Ruines, déshumanisation et, malgré tout, l'espoir

Mis à jour le 11 juin 2010 à 07h59
Le Nouvelliste

(Trois-Rivières) Annie Lafontaine et ses deux compagnes, Denise Caron et Marie-Cécile Ménard, sont de retour d'Haïti où elles ont été témoins de la vie déshumanisée que le tremblement de terre de janvier dernier a aussi provoquée. Malgré tout, les trois Trifluviennes y ont vu des signes d'espoir. Compte-rendu d'un séjour au coeur d'un immense bidonville.
Adjointe à la coordination au Comité de solidarité-Trois-Rivières, Annie Lafontaine pensait avoir une idée de ce qui s'offrirait à elle en débarquant à Port-au-Prince, le 26 mai dernier. Comme tout le monde, elle avait vu défiler à la télé ces nombreuses images du terrible séisme.
«C'est quand même secouant de voir avec nos yeux l'ampleur des dégâts», raconte celle qui a été aussi bouleversée de constater à quel point les Haïtiens, particulièrement les résidents de Port-au-Prince, sont laissés à eux-mêmes depuis quatre mois.
«C'est un grand bidonville. Les conditions de vie sont inhumaines», dénonce Mme Lafontaine qui raconte que les gens vivent toujours aussi nombreux sous des tentes de moins en moins étanches. Ils doivent supporter des températures oscillant autour des 40 degrés Celsius.
On dénombre environ un million de sans-abri à Haïti. Plus de 300 000 personnes ont péri dans le tremblement de terre.
«Presque toutes les maisons sont écroulées ou fissurées. Les gens ne travaillent pas. Plusieurs sont traumatisés par tous ces cris qu'ils entendaient sous les décombres. Ils ne peuvent pas tenir le coup encore longtemps comme ça», se désole la Trifluvienne qui était en Haïti pour accompagner les différentes organisations de la société civile haïtienne avec qui le Comité solidarité collaborait bien avant le tremblement de terre.
Pour Mme Lafontaine, il ne fait aucun doute que l'espoir de reconstruire le pays passe par ces groupes voués à la cause des femmes, à la défense des droits, etc.
Elle précise qu'ils ont des solutions à proposer, dont celle de décentraliser les services vers les villes et villages qui pourraient ainsi accueillir tous ces réfugiés à Port-au-Prince.

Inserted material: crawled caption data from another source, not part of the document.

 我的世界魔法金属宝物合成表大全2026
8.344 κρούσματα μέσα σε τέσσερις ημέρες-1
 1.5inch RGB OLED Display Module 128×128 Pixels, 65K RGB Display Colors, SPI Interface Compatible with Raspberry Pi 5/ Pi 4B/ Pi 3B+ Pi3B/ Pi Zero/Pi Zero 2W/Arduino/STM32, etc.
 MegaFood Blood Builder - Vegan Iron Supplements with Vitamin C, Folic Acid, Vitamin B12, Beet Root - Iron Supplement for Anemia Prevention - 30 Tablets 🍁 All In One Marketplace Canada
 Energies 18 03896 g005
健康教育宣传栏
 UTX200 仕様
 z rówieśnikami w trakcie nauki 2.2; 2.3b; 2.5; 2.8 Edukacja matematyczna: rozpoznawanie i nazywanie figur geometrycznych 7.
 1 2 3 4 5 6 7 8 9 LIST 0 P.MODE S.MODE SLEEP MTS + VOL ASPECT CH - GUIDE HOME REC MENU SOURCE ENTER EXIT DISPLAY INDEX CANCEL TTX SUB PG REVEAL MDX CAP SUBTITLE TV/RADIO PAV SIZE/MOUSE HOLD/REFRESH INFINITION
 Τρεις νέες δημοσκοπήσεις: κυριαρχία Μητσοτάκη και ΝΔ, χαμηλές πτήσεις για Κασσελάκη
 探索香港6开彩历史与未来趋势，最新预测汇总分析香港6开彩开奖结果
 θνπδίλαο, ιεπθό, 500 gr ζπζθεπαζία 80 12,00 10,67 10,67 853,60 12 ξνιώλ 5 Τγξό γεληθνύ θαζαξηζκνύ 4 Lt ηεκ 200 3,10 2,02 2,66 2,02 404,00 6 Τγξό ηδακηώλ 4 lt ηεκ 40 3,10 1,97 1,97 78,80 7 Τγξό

Annie Lafontaine ne cache pas cependant que le gouvernement en place se fait reprocher son inertie. De plus en plus d'Haïtiens pointent du doigt les autorités. «Ils demandent le départ de Préval. La tension monte. Il y en a qui parlent de révolution civile», dit-elle, à la fois compréhensive et inquiète devant cette réaction.
C'est pourquoi la représentante du Comité solidarité-Trois-Rivières parle de l'urgence de permettre aux organisations de la société civile haïtienne de participer aux discussions avec le gouvernement haïtien et la communauté internationale.
«On doit les appuyer. C'est maintenant que ça se joue. Le moment est critique», répète Mme Lafontaine avant de mentionner qu'il faut donner à ces associations la possibilité de travailler efficacement. «Elles sont très importantes sur le terrain. Elles représentent la majorité», poursuit-elle.
Annie Lafontaine indique que l'aide apportée au cours des deux dernières semaines par la petite délégation trifluvienne représente une minuscule goutte d'eau dans un océan.
«Nous étions là pour prendre connaissance de l'état des lieux et des besoins. Nous pourrions éventuellement relancer à Trois-Rivières un mouvement de solidarité. On espère que la population continuera de nous appuyer», souhaite Mme Lafontaine qui fait notamment état de l'augmentation de la violence faite aux femmes dans les camps de réfugiés.
«Les gens vivent à proximité les uns des autres. Il y a là-bas une perte de la dignité humaine», décrit celle qui a aussi visité Léogâne et Jacmel, deux autres villes durement touchées par le séisme.
«Nous sommes finalement allées au nord du pays où, malgré la grande pauvreté, les gens s'organisent», décrit Mme Lafontaine qui parle de cette «belle surprise» comme d'un baume sur toutes ces blessures qui marquent aujourd'hui Haïti.